Greater Manchester Archaeology Day Part 2

The early 1780s wheelpit at Arkwright's Shudehill Mill, Manchester, as excavated by OAN in 2014.

The early 1780s wheelpit at Arkwright’s Shudehill Mill, Manchester, as excavated by OAN in 2014.

The second half of Greater Manchester Archaeology Day on Saturday 29th November 2014 had a community and industrial archaeology focus. The first speaker of the afternoon was Ian Miller of Oxford Archaeology North talking about Arkwright’s Shudehill Mill in Manchester. This was Arkwright’s last mill and arguably was built to challenge the Manchester textile merchants. The site holds many mysteries, not least the details of Arkwright’s attempts to run for the first time spinning machinery by steam power. Though destroyed by bombing in 1940 a Time Team dig of three days in 2005 showed that significant 18th century remains survived including a wheel pit. Further excavation by OAN in 2014 revealed extensive and deep spectacular remains relating to the power systems including a series of engine houses spanning the period 1790-1818, whilst the original early 1780s wheelpit survived almost intact.

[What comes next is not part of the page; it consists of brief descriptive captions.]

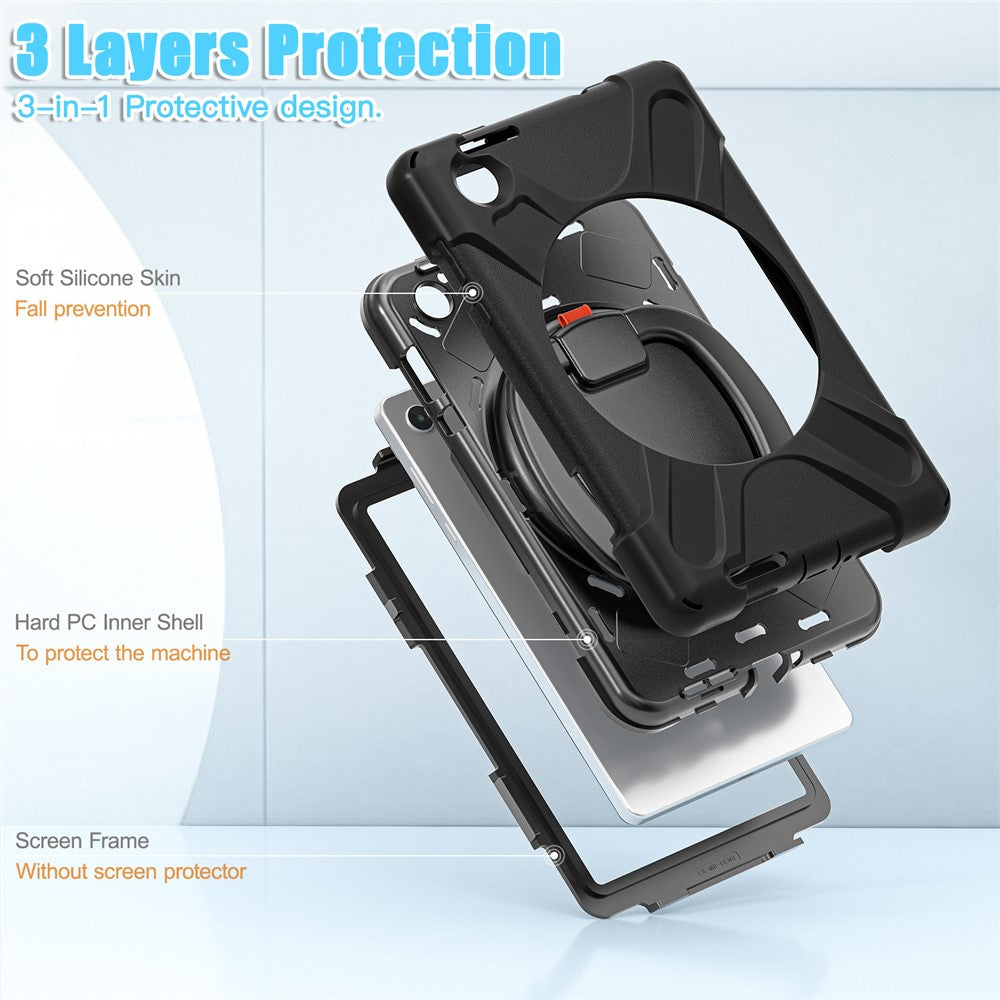 Tablet Case for Lenovo Tab M8 (4th Gen) 2024 TB-301XU / M8 (4th Gen) 2023 TB-300FU PC + Silicone Rotary Kickstand Cover - Black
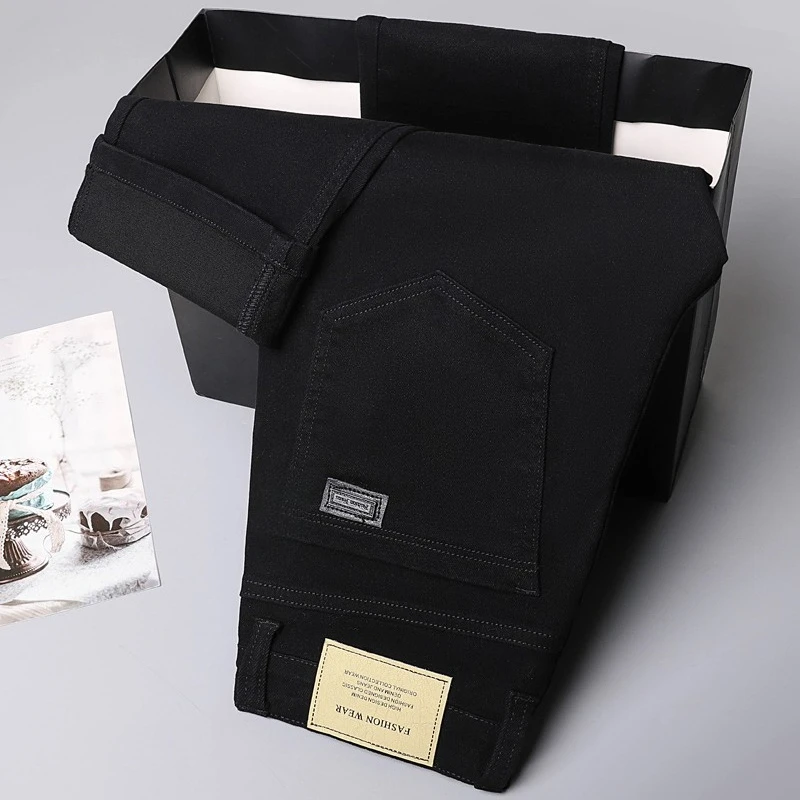 2026 Spring Autumn New Men's Clothing Slim Jeans Fashion Brown Business Casual Stretch Denim Pants Male Brand Trousers 28-44 thumbnail 3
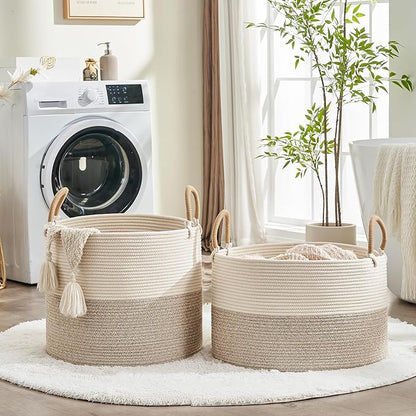 KAKAMAY Cotton Rope Storage Basket (20"x13"),Woven Hamper for Blankets,Toys,Pillows,Clothes,Laundry,Sturdy Handles Decorative Basket for Living Room, Bedroom,Nursery(Beige)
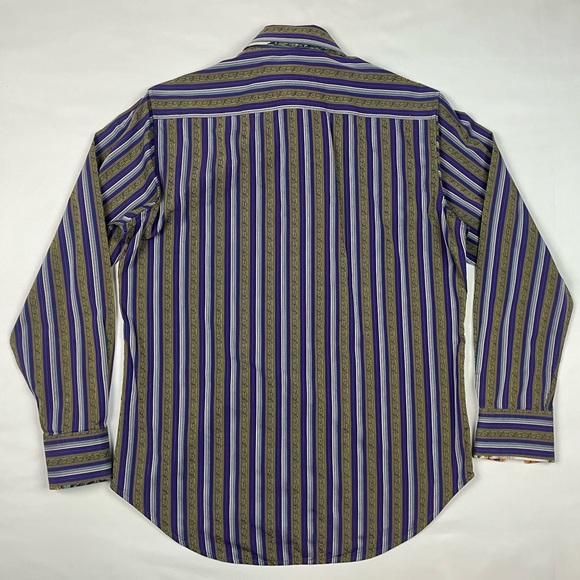 Robert Graham Mens Button Up Shirt Sz Small Flip Cuff Striped Purple C3 - Picture 3 of 9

Andy Cootes of the South Manchester Archaeological Research Team (SMART) discussed the community excavations at Cheadle Green. Seven trenches were dug over three years by the volunteer group with help from the University of Salford, looking for remains of the 18th and 19th century Cheadle Hall. This was a large bay-fronted Georgian-style three-storey brick house with cellars. The digs between 2011 and 2014 have revealed part of the hall foundations and some outbuildings. In addition there was evidence for a timber cottage from the late medieval period, possibly a precursor to the Georgian hall. This project shows the value of small-scale archaeology on the same site over several years and the positive impact of such local community work: the footprint of the hall has now been included within the newly landscaped green.

I then spoke about the community excavations in 2012-14 at Radcliffe Tower, Bury. This reviewed the three seasons’ work, the first of which was undertaken as part of the Dig Greater Manchester community project. The latter two seasons were part of the Radcliffe Heritage Project, an HLF funded project inspired by the 2012 season. There were three broad types of archaeology: workers’ housing on Church Row and Tower Street; the remains of the 19th and 20th century farmstead; and the late medieval hall and its stone tower. For the first time remains of the late medieval hall, sketched around 1800, were located. Though damaged by later activity, the outline of the open hall was visible. Unexpectedly two phases were identified in the form of an earlier western range and from the medieval pottery which included two types of roof tile.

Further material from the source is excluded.